À mon avis, peu de femmes, au contraire, ont eu le sens féminin plus développé. Jamais elle n’a toléré devant elle les conversations risquées. Elle riait comme une pensionnaire de certaines plaisanteries gauloises qui font le régal des couvents ; mais les obscénités la révoltaient, les moindres allusions scabreuses la rendaient grave et fâchée. Dans sa vieillesse, elle avait contracté mille petites manies pudiques ; elle rangeait son linge elle-même, elle s’enfermait à double tour chez elle pour les moindres soins de toilette ; sa chambre était devenue ainsi un sanctuaire où personne n’entrait. Pendant la maladie d’entrailles qui l’a emportée, les médecins ont eu la plus grande peine à la décider aux auscultations nécessaires, et ils devaient employer toutes sortes de périphrases pour l’interroger sans la blesser. Nous sommes loin de l’amazone de la légende, dénouant sa ceinture au moindre caprice. Et il y a ici deux traits caractéristiques qu’il faut noter : le sentiment de pudeur de la femme et la répugnance du poète pour les saletés de la nature humaine. Cette répugnance, au fond, devait être aussi forte, plus forte même que la pudeur, car elle avait le besoin de tout idéaliser, elle n’a jamais conçu les fautes de ses héroïnes, sans les embellir d’un charme poétique, en voilant les infirmités de la chair.

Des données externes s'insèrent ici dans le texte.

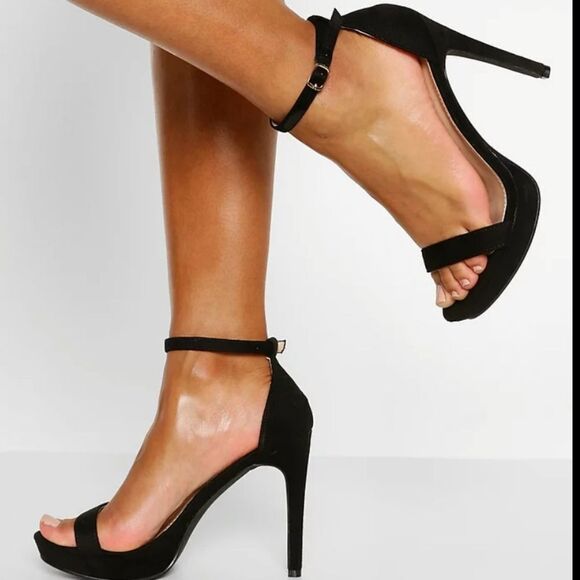 STEVE MADDEN ALMOND TOE ANKLE STRAP SANDAL - Picture 1 of 15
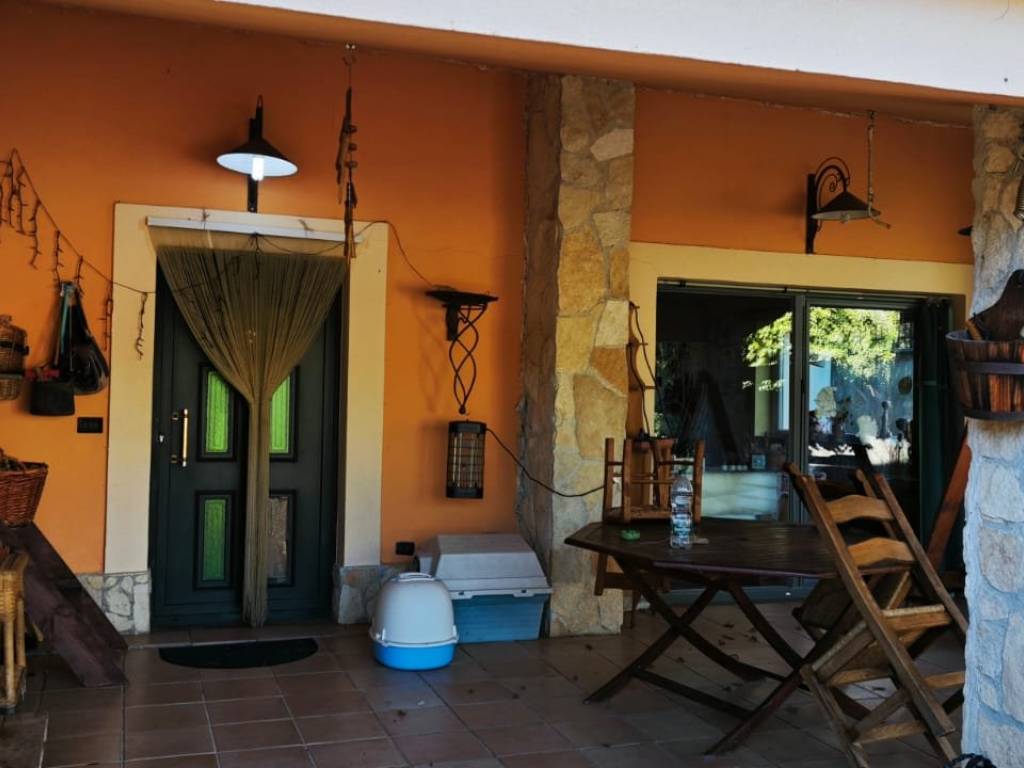 Villa a Santo stefano di rogliano in Via Don Battista Nigro - Foto 4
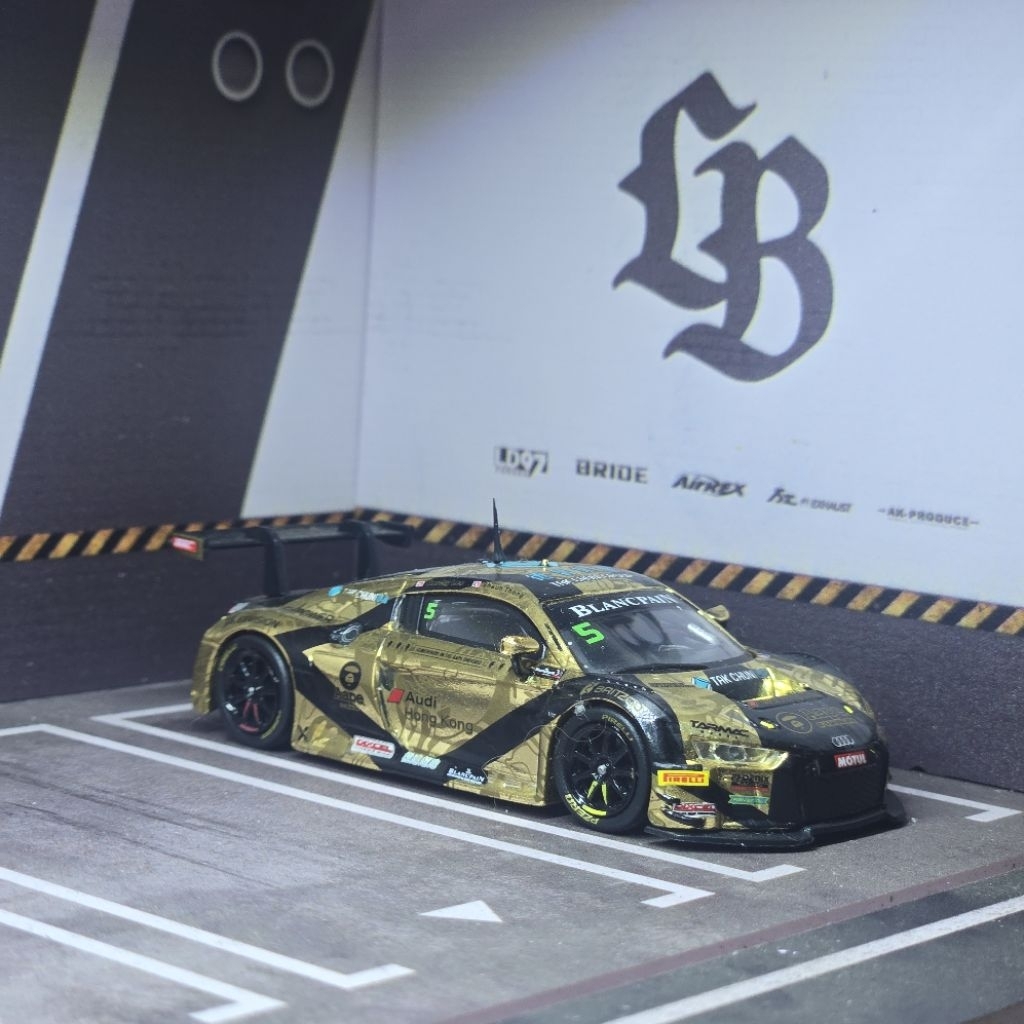 Tarmac 1/64 Audi R8 Lms Gold Aape Blancpain Gt Series Asia 2017 Loose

Avec George Sand femme, tout s’explique aisément. Son éducation libre, sa vie en pleine campagne, la disposaient à une grande franchise d’allures, au singulier besoin de rêverie et d’action qui semble avoir caractérisé son tempérament. Il faut surtout songer à l’émancipation précoce de son esprit par la lecture des philosophes et des poètes, qui, dans la solitude de Nohant, étaient devenus ses seuls amis. On la voit ainsi grandir en indépendance et en libre examen, sans autre règle que sa raison et son cœur. Elle fait un mariage malheureux, et dès lors la révolte est fatale. Rousseau, Chateaubriand, Byron, ont fermenté dans cette nature jeune et puissante. Dès qu’elle prend une plume, les premières pages qu’elle écrit sont une protestation contre la loi sociale qui dispose des individus, à rencontre des lois naturelles. Entendez qu’elle écrit un plaidoyer pour sa propre cause, elle se venge de ses neuf années d’union mal assortie ; elle se met tout entière dans son œuvre, avec ses larmes et ses joies. Certes, je ne veux pas rabaisser son bel emportement, en le regardant comme un simple dépit de femme. Mais il est certain que, à chaque page de ses premiers romans, toute la femme vibre en elle, avec la rancune du mariage dans lequel on l’a enfermée. Je ne parle pas des contradictions, des incertitudes dont ses livres sont pleins ; elle suit la pente de son rêve et va souvent où elle ne croit pas aller. C’est un être aux sensations vives, qui obéit à sa passion du moment. Elle s’y donne sans se ménager, elle en fait son credo, son acte de foi et d’espérance, jusqu’à ce qu’une autre passion la saisisse et la convertisse à une autre religion. Et rien n’est plus typique que ces engouements, rien n’est plus femme, je le dis encore. Imaginez une âme noble, éprise du beau, toute frémissante aux grandes idées d’humanité, de progrès et de liberté ; donnez à cette âme une chaleur d’enthousiasme, une foi de disciple qui se rebute bientôt et qui change de dévotion, à mesure qu’elle rencontre la réalité noire et triste au fond de ses amours les plus idéalisés ; mettez-la dans une époque de floraison littéraire, de lutte intellectuelle, et vous aurez George Sand avec ses élans et ses retraites, ses campagnes de réformateur forcément stériles, son définitif triomphe de grand écrivain.